Customers are human. So naturally what they like to eat, wear, or buy will change multiple times throughout their lives. This makes a marketer’s job trickier, especially if they try to guess what their customers will do next.
Historical transaction behavior has traditionally been the go-to method to determine customer communications, based on the notion that past behavior is the best indicator of future behavior. But predictive models are an even better way to fuel your marketing and boost revenue. When based on accurate customer data, predictive models give brands a view of likely value over time so they can quickly choose what decisions to make and which course of action to take with their customers.
Using historical transaction behavior to market looks like this: Perfect Products Inc. has a VIP program for customers who spend over $1,000 in a year, which offers special incentives like early access and perks like exclusive discounts. The program is shown to drive greater customer loyalty, and buyers who are part of the program end up shopping more frequently and engaging more with the brand.
This approach works for customers who have been with the brand for a long time, but it neglects brand-new customers who haven’t yet qualified for the program. Those customers may have the potential to be highly valuable. Still, by the time their loyalty behavior is recognized and rewarded, they may have moved on to another company that saw their value and treated them accordingly.
Below are three ways predictive customer lifetime value can help brands make the most out of their marketing activations as early as possible:
Rolling out the red carpet early: while Perfect Products Inc. may have their VIP strategy figured out, their reliance on historical spend to hit that VIP threshold likely means they’re missing out on other opportunities to drive loyalty. For example, many shoppers will approach that spend threshold and even have the potential to hit it, but Perfect Products Inc. will not recognize them.
This oversight results in them missing out on possible future high-value customers. With a predictive customer lifetime value model, brands can have a customer’s estimated one-year spend immediately after making their first purchase. This “look into the future” means brands can act early and preemptively begin to drive loyalty behavior through either concierge service, special discounts, or exclusive product offerings. This glimpse into what’s to come helps the brand identify potential valuable customers, translating to stronger retention and more powerful, personalized experiences for the customer from the beginning.

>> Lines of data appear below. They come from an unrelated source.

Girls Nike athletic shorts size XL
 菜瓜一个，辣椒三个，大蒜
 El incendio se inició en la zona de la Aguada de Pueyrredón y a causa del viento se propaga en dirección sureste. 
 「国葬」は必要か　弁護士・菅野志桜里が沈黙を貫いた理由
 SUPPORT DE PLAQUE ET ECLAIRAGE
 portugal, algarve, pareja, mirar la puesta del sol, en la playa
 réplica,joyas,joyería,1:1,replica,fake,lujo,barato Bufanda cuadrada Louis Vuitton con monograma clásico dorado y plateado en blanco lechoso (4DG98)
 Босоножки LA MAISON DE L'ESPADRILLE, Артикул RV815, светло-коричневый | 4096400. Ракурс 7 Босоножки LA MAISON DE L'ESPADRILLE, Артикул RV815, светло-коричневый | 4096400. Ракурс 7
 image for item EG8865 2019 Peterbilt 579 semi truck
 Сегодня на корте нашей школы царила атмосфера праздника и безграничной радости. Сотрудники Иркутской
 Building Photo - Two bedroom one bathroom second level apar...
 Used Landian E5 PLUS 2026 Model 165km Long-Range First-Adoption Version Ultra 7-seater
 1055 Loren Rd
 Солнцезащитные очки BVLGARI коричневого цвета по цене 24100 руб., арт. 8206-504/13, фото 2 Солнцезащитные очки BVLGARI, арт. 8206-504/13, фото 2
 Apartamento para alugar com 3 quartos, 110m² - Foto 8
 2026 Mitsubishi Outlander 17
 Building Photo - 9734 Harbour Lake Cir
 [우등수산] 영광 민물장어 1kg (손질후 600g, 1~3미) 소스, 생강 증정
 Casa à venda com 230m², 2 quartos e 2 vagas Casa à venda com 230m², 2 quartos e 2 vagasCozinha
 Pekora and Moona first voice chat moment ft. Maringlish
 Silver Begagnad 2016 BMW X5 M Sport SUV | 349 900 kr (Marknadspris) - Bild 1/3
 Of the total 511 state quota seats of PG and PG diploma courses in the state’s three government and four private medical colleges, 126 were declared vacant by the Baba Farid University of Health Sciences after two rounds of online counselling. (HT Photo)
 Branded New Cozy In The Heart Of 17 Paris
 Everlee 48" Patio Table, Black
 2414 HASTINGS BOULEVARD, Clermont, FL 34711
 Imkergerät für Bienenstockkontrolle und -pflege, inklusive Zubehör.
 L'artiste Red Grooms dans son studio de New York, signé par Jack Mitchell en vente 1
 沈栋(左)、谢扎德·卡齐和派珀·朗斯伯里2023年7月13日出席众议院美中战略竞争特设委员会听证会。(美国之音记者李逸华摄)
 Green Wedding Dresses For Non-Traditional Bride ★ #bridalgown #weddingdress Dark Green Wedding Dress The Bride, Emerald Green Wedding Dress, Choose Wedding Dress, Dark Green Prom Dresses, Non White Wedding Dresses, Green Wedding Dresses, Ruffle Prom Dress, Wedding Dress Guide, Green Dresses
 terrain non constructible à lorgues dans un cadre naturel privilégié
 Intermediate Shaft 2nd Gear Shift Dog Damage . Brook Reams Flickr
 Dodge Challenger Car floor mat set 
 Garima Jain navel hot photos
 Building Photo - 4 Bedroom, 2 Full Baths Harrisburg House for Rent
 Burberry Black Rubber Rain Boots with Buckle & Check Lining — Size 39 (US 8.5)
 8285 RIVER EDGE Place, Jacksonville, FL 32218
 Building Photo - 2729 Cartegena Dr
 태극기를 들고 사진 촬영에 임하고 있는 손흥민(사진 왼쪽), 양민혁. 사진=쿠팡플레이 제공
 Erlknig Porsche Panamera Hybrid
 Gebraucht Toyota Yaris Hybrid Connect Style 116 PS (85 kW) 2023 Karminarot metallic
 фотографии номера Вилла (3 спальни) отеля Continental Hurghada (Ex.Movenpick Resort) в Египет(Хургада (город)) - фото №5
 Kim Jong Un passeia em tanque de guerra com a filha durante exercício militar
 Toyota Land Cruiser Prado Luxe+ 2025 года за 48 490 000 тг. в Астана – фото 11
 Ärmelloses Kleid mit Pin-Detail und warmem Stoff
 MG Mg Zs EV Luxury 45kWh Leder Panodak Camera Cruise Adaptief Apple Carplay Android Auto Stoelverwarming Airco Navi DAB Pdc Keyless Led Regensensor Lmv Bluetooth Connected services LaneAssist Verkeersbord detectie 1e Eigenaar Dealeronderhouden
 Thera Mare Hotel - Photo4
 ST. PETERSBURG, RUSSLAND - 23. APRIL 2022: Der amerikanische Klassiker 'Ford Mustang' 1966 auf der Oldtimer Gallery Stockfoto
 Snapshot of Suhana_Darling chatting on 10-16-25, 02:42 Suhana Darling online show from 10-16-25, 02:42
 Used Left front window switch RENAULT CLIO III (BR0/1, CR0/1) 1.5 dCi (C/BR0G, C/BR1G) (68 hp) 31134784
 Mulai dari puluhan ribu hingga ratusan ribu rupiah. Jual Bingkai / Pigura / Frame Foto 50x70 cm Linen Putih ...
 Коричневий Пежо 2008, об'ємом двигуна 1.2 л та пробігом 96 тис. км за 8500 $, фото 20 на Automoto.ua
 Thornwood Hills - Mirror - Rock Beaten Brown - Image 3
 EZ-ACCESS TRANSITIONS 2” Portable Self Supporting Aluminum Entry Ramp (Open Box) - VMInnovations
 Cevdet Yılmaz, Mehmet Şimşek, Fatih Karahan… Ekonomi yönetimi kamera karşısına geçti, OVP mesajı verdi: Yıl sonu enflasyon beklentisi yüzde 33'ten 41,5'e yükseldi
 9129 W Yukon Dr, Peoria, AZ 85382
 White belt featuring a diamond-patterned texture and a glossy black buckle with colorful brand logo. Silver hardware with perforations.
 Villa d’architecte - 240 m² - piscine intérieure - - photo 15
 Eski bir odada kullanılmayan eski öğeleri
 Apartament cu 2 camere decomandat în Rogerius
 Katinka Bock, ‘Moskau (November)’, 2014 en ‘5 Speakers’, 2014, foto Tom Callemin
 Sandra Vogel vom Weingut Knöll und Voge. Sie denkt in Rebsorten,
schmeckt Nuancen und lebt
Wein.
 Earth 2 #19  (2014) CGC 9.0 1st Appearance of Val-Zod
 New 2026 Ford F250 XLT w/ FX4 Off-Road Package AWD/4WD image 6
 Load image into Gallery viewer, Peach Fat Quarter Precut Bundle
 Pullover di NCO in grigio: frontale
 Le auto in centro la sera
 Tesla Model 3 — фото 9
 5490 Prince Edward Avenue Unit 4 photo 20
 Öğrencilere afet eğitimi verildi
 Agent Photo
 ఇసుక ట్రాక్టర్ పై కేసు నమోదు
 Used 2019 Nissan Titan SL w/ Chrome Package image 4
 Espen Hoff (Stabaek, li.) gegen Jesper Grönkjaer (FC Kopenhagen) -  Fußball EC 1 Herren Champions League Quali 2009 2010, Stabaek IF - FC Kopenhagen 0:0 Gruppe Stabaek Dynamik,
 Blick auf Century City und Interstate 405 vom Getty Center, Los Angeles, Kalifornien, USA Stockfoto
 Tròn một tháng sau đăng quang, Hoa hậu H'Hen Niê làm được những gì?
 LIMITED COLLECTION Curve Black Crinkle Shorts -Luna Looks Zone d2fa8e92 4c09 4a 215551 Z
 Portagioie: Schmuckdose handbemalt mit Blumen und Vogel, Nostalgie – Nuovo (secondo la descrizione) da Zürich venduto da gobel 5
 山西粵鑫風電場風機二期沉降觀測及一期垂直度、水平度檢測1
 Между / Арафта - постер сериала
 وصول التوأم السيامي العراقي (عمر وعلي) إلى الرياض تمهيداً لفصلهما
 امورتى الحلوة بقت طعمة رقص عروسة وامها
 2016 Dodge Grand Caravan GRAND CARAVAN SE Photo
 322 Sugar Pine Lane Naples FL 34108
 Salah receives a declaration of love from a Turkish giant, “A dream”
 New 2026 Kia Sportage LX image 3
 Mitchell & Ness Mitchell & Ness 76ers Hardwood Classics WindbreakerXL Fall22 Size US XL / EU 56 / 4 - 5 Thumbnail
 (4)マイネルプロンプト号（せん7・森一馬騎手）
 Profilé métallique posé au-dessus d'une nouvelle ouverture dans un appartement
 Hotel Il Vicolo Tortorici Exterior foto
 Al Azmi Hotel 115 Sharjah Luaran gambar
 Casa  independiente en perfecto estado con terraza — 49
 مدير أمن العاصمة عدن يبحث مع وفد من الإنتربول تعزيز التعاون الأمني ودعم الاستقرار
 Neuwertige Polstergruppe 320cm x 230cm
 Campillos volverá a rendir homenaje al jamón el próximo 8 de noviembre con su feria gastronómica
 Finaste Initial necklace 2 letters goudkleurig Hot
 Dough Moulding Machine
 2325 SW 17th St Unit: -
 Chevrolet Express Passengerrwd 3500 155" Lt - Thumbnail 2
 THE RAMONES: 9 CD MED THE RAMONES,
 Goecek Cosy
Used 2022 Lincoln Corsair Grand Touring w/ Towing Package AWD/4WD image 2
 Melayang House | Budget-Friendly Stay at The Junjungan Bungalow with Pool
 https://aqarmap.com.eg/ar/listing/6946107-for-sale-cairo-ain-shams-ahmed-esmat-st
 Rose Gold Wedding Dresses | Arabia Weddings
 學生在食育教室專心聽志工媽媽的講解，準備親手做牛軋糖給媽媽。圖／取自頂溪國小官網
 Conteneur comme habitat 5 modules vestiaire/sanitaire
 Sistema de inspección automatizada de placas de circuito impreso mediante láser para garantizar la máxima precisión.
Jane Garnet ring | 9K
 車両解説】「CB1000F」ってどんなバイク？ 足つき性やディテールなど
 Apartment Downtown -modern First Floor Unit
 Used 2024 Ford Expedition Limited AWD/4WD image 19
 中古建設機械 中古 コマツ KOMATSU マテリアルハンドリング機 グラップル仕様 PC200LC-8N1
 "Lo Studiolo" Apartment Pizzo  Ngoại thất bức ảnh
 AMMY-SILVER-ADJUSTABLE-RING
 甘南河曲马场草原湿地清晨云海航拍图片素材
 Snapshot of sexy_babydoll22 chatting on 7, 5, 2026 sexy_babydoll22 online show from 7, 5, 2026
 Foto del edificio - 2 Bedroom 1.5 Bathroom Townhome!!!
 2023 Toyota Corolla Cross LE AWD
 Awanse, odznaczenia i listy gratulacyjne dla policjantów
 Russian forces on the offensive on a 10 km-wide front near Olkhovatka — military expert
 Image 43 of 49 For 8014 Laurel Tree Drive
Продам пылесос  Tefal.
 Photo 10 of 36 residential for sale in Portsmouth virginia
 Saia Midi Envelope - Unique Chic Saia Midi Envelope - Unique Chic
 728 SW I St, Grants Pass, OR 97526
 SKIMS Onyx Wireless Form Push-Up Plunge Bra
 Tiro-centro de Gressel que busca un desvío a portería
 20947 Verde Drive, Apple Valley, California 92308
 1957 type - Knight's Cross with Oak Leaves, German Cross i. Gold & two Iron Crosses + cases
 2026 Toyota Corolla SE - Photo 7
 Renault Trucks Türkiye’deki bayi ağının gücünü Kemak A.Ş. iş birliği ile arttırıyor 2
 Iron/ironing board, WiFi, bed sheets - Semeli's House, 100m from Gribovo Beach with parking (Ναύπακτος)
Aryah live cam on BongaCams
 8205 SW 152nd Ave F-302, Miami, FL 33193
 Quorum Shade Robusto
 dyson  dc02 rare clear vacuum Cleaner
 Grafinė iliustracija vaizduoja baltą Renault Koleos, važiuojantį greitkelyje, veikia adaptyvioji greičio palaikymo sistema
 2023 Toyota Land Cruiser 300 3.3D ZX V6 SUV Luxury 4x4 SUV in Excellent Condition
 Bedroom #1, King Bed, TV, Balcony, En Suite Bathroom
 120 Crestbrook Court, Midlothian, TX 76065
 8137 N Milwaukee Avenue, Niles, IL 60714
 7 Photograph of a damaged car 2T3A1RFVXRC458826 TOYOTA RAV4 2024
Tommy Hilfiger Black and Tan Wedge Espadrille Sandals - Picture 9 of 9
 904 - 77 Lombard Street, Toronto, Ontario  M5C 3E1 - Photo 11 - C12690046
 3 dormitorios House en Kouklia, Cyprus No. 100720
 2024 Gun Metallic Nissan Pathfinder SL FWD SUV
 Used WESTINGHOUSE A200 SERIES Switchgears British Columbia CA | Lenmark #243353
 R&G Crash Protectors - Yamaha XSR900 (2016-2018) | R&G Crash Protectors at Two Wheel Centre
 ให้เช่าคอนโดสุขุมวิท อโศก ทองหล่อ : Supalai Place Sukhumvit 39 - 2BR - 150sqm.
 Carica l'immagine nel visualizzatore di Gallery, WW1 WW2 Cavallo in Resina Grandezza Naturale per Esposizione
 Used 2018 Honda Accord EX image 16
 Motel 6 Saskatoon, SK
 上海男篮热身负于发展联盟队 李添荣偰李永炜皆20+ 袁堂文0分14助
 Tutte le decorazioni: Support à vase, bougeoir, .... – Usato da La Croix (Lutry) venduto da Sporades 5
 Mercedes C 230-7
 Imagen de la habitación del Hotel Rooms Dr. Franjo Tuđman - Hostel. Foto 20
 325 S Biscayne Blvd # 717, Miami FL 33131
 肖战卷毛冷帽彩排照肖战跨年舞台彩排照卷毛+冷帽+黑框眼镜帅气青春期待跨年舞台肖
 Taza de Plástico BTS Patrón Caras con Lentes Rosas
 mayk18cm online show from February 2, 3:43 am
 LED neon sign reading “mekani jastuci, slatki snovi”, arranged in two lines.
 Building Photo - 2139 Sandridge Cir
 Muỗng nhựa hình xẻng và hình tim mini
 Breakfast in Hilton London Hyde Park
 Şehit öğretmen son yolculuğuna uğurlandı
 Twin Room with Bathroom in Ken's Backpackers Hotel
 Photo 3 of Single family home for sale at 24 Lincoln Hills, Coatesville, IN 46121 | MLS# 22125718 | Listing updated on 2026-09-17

No more guessing games: Relying on historical spend for marketing assumes a customer’s past behavior will directly correlate with their future behavior — even if data points to a different future. Instead, predictive models look ahead and consider how likely a customer is to make more purchases. By gaining this insight into whether or not a customer will continue their prior spend trend, a brand’s marketing can reflect that.
For example, if Julie is expected to spend $1,000 in the coming year with Gary’s Gems LLC, she’ll have continued VIP opportunities coming her way. If it’s unlikely that she will hit the $1,000 threshold this year, then Gary’s Gems LLC can change its marketing tactics and send messages showing how much they value her as a customer and why she should continue her relationship with them.
Acquire new, better customers: These predictive data points can influence not only what message we want to send to that shopper but also how a brand goes about acquiring new customers. By using a historical spend audience in paid media for lookalike targeting, a brand is taking the risk of acquiring new customers who might look like those addressed above, i.e. they had previously reached VIP status but now might be at risk of churn.
Instead of attracting more of those customers, predictive customer lifetime value modeling allows the brand to find buyers who look like those we know will be most valuable in the coming year. This allows the brand to ignite the cultivation flywheel, bringing in customers who will make repeat purchases and become brand loyalists.
Laying the groundwork
Today's market is overflowing with options, making customer loyalty more important than ever. By investing in predictive modeling, brands have the opportunity to pick up quickly on the behavior of those buyers, allowing them to translate this into the customer experience immediately.
For predictive models to run smoothly, brands need to begin with a solid base of customer data, otherwise, the results will be neither accurate or reliable, and then follow with the right customer data tools. These will provide you with the foundation to build relationships with customers early on in their journey, driving loyalty and contributing to the brand's long-term health.